Oh, and the companions. I’m disappointed there aren’t specific sidequests for each, but they’re some of Obsidian’s best work even as-is. My favorite is Barik, a man caught up in the storm at Stalwart who awoke to find out he’d basically been fused with his armor forever, but all six made a compelling argument for me to take them along on adventures.
There’s a lot of potential in
Tyranny. A
lot. I just don’t think all of it is fulfilled. Great premise, great world, great characters, but it feels like there needed to be twice as much inter-faction politicking in the latter half to keep the story lively. And it doesn’t help that the ending is blatant sequel-bait, dangling a bunch of loose threads right when it feels like you're getting a glimpse of the overarching plot. It felt to me like the story needed maybe
one more standout scene to wrap up properly.

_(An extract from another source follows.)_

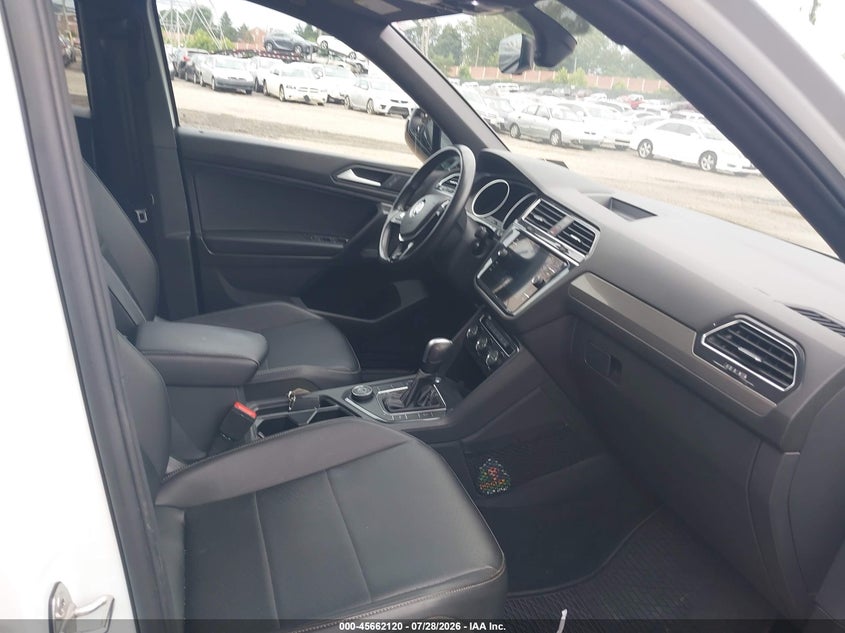 2021 Volkswagen Tiguan VIN 3VV2B7AX3MM127658 IAAI salvage auction — LEFT SIDE, Salvage (Pennsylvania), sold $4,700 on 2026-08-03 (photo 5)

Tyranny is flawed, but I suspect it’s flawed in the manner of
Alpha Protocol, to cite another Obsidian project—a game that garners a cult following despite some clear issues, a game that’s later hailed as an “important” experience.

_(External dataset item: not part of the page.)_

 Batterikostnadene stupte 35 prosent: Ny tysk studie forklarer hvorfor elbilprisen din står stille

Because I keep coming back to those initial few hours: A game where you’re the villain, but not in the usual mustache-twirling cartoon way we see so often. There is gray, here. This is a world where evil is the norm, where you’re the villain in an objective sense but not in the context of the world itself.
Those are ideas worth exploring, just as we might ponder the plight of Raskolnikov in
Crime and Punishment. Is
Tyranny on that level? Nah. But games owe evil—if players choose to take that path—a depiction of that caliber. Not just “The Guy Who Wears Black And Kills Puppies.”
Tyranny, in that regard, is a step in the right direction.